/ Citymakers: Curated

Is it possible to curate and control urban development in the long-term through planning and design?

by Alfredo Caraballo

Over the autumn of 2019, our Citymakers conference has been examining the contexts within which our masterplans are realised under three headings: catalytic, organic and curated.

The first event discussed the long-term impact of urban catalysts such as the Olympic Games on a city’s evolution; the second took on the question of those places that undergo more spontaneous regeneration. Under the header ‘curated’, the last evening addressed the deliberate design of pieces of city, where uses and outcomes are predetermined – often under the control of a single actor. Partner Alfredo Caraballo, Centre for London founding director Ben Rogers and Robert Evans, executive director of Argent, offered presentations on the topic with the case study of King’s Cross as a starting point to which Helen Goodwin, on behalf of Public Practice and Jason Prior, founding partner at Prior + Partners offered responses.
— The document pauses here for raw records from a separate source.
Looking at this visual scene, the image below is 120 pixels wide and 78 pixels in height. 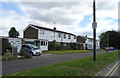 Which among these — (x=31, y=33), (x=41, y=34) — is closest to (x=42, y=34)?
(x=41, y=34)

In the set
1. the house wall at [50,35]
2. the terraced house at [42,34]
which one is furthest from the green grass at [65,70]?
the house wall at [50,35]

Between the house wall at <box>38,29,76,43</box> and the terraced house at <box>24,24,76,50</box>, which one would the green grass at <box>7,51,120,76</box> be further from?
the house wall at <box>38,29,76,43</box>

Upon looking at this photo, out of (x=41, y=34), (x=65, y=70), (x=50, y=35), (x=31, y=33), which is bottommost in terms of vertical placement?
(x=65, y=70)

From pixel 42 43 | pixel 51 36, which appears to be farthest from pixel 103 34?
pixel 42 43

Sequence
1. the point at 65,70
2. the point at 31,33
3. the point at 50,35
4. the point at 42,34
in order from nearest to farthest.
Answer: the point at 65,70 < the point at 42,34 < the point at 31,33 < the point at 50,35

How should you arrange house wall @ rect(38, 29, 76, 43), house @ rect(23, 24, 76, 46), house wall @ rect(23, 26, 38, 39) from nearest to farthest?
1. house @ rect(23, 24, 76, 46)
2. house wall @ rect(23, 26, 38, 39)
3. house wall @ rect(38, 29, 76, 43)

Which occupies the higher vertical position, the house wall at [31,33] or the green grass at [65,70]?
the house wall at [31,33]

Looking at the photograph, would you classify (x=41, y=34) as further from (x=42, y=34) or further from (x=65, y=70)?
(x=65, y=70)

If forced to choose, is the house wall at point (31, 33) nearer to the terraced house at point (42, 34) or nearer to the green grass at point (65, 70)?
the terraced house at point (42, 34)

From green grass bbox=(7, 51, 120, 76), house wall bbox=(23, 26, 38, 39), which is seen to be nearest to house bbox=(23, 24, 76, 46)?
house wall bbox=(23, 26, 38, 39)

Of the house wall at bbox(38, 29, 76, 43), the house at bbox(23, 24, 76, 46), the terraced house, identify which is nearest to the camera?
the terraced house

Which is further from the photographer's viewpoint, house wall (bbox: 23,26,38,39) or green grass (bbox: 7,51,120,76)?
house wall (bbox: 23,26,38,39)

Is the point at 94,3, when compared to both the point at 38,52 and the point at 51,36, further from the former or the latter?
the point at 51,36

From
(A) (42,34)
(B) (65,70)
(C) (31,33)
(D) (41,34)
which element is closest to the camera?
(B) (65,70) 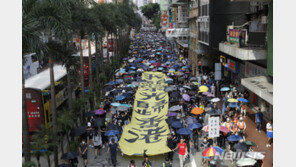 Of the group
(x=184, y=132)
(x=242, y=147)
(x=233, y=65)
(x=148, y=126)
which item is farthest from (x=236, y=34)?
(x=242, y=147)

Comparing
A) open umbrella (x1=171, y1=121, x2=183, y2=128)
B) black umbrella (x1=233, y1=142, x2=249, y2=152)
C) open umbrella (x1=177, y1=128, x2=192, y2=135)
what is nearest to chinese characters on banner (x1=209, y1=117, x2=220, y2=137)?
black umbrella (x1=233, y1=142, x2=249, y2=152)

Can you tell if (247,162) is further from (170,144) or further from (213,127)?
(170,144)

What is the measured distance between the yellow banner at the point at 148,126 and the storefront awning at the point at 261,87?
18.7ft

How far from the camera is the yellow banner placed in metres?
16.5

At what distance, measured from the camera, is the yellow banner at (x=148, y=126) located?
16.5 meters

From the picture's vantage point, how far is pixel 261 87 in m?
18.8

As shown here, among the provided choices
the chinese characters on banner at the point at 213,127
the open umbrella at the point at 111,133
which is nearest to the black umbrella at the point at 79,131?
the open umbrella at the point at 111,133

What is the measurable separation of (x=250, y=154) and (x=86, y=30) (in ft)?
52.2

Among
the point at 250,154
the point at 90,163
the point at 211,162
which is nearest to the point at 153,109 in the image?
the point at 90,163

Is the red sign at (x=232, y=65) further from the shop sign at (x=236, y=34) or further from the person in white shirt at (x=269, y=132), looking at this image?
the person in white shirt at (x=269, y=132)

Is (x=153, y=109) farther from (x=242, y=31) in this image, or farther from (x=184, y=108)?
(x=242, y=31)

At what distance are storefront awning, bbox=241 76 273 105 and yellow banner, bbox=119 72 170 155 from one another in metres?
5.70

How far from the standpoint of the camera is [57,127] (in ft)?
54.3

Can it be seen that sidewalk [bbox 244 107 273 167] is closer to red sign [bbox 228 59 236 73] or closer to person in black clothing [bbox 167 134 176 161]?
person in black clothing [bbox 167 134 176 161] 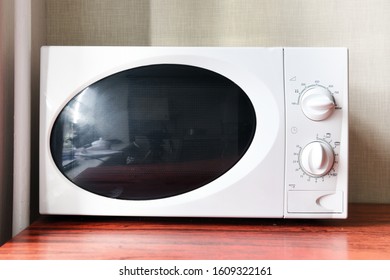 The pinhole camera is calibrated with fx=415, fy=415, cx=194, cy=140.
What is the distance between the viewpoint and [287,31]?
100 centimetres

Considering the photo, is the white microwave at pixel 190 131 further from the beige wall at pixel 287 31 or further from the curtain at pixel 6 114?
the beige wall at pixel 287 31

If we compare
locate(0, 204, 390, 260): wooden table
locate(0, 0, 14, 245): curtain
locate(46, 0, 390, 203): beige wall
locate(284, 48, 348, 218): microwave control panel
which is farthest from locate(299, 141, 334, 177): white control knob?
locate(0, 0, 14, 245): curtain

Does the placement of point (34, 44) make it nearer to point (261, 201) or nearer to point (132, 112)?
point (132, 112)

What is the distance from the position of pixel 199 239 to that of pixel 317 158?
9.5 inches

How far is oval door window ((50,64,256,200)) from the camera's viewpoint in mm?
748

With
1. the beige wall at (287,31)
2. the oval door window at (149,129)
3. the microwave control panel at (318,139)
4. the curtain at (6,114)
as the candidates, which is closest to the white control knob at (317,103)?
the microwave control panel at (318,139)

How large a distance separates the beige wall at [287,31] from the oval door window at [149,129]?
0.30 meters

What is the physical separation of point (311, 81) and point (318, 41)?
31 cm


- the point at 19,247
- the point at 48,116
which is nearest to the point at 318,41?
the point at 48,116

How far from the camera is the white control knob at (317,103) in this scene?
27.8 inches

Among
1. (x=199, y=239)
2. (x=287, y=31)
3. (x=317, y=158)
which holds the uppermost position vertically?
(x=287, y=31)

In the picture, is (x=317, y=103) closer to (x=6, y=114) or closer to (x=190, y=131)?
(x=190, y=131)

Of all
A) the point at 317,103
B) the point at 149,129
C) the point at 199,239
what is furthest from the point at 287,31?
the point at 199,239

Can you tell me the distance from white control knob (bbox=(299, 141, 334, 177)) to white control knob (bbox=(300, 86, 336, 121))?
1.9 inches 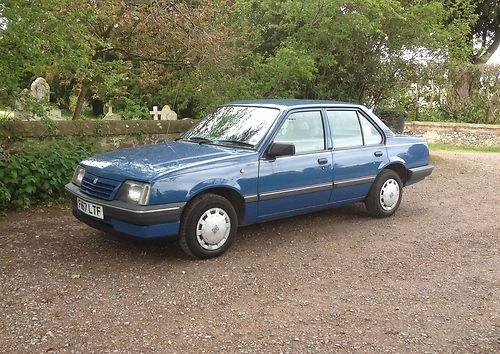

Alfredo kicked off the discussion by mulling on the notion of curation as an art and an act. With its origins in museum collections, it nowadays is used to describe the careful management and cataloguing of all manner of things, from travel experiences to food, often employed in the context of masterplanning. Curation then, is the process of organising and looking after a place. At King’s Cross, the aspirations for the project were captured in ten urban principles that guided it on the one hand and on the other, these were expressed in drawings of public spaces. By specifying an end goal from the outset, while allowing for flexibility to adjust for the incidental in the interim, the masterplan was able to bridge the certainty needed by public authorities as well as the amount of elasticity required by the market.

Planning in Britain is a discretionary process that could be interpreted as having a curated approach, Ben Rogers offered in his presentation. He provided a bigger picture of planning and development in London and the UK. In comparison to the rules-based planning system on the Continent or in the United States, decisions here are made on a case to case basis. At least four levels of decision-making powers, from the national government to neighbourhood forums add to the rich complexity of the resulting cityscape.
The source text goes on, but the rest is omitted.